I want to power off ACP audio IP, when the audio usecase is not active for sometime (run time PM). I felt, 'close' is the correct place to mark this.
That's not what _mark_last_busy() does... the core already takes runtime PM references for you.
+static int acp_pcm_suspend(struct device *dev) +{
bool pm_rts;
struct audio_drv_data *adata = dev_get_drvdata(dev);
pm_rts = pm_runtime_status_suspended(dev);
if (pm_rts == false)
acp_suspend(adata->acp_mmio);
return 0;
+}
This appears to merely call into the parent/core device (at least it looks like this is the intention, there's a bunch of infrastructure fo the core device which appeaars to replicate standard infrastructure). Isn't whatever this eventually ends up doing handled by the parent device in the normal PM callbacks.
ACP device (child) can power off itself, when it receives suspend request. So, the intention is to call 'acp_suspend' (defined in same patch) from the 'suspend' callback of ACP device.
This doesn't address why you're open coding this rather than using standard infrastructure.
pm_rts = pm_runtime_status_suspended(dev);
if (pm_rts == true) {
/* Resumed from system wide suspend and there is
* no pending audio activity to resume. */
pm_runtime_disable(dev);
pm_runtime_set_active(dev);
pm_runtime_enable(dev);
The above looks very strange - why are we bouncing runtime PM like this?
Sorry, I didn't understand your comment. I felt, steps mentioned in kernel documentation : http://lxr.free-electrons.com/source/Documentation/power/runtime_pm.txt#L634 is applicable in this scenario. I maybe wrong, but felt that is applicable.
Please document this clearly - your comment doesn't appear to relate to the case where system resume powers things on at all.
+/* Initialize the dma descriptors location in SRAM and page size */ +static void acp_dma_descr_init(void __iomem *acp_mmio) +{
u32 sram_pte_offset = 0;
/* SRAM starts at 0x04000000. From that offset one page (4KB) left for
* filling DMA descriptors.sram_pte_offset = 0x04001000 , used for
This is a device relative address rather than an absolute address? A lot of these numbers seem kind of large...
That is SRAM block's offset address. Sorry. I didn't understand the expected change, here.
Offset with regard to what? I'm asking if these addresses are within the IP or global.
+/* power off a tile/block within ACP */ +static void acp_suspend_tile(void __iomem *acp_mmio, int tile) +{
u32 val = 0;
u32 timeout = 0;
if ((tile < ACP_TILE_P1) || (tile > ACP_TILE_DSP2))
return;
val = acp_reg_read(acp_mmio, mmACP_PGFSM_READ_REG_0 + tile);
val &= ACP_TILE_ON_MASK;
This is definitely looking like a SoC that could benefit from the standard kernel power management infrastructure and/or DAPM. There's a lot of code here that looks like it's following very common SoC design patterns and could benefit from using infrastructure more.

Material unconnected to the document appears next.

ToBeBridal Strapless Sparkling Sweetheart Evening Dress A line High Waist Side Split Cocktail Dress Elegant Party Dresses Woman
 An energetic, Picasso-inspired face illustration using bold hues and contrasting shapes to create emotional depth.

Sorry, I didn't understand. Could you help in adding more pointers on this. The device can get powered-off, with this helper function, which can be called from device 'suspend' callback.
Power domains are implemented using the interface in include/linux/pm_domain.h and DAPM is sound/soc/soc-dapm.c. The point here is that it looks very much like you are open coding implementations of concepts that we already have generic support for which adds greatly to both the size and complexity of this code.
+static void acp_turnoff_sram_banks(void __iomem *acp_mmio) +{
/* Bank 0 : used for DMA descriptors
* Bank 1 to 4 : used for playback
* Bank 5 to 8 : used for capture
* Each bank is 8kB and max size allocated for playback/ capture is
* 16kB(max period size) * 2(max periods) reserved for playback/capture
* in ALSA driver
* Turn off all SRAM banks except above banks during playback/capture
*/
u32 val, bank;
I didn't see any runtime management of the other SRAM bank power, seems like that'd be a good idea?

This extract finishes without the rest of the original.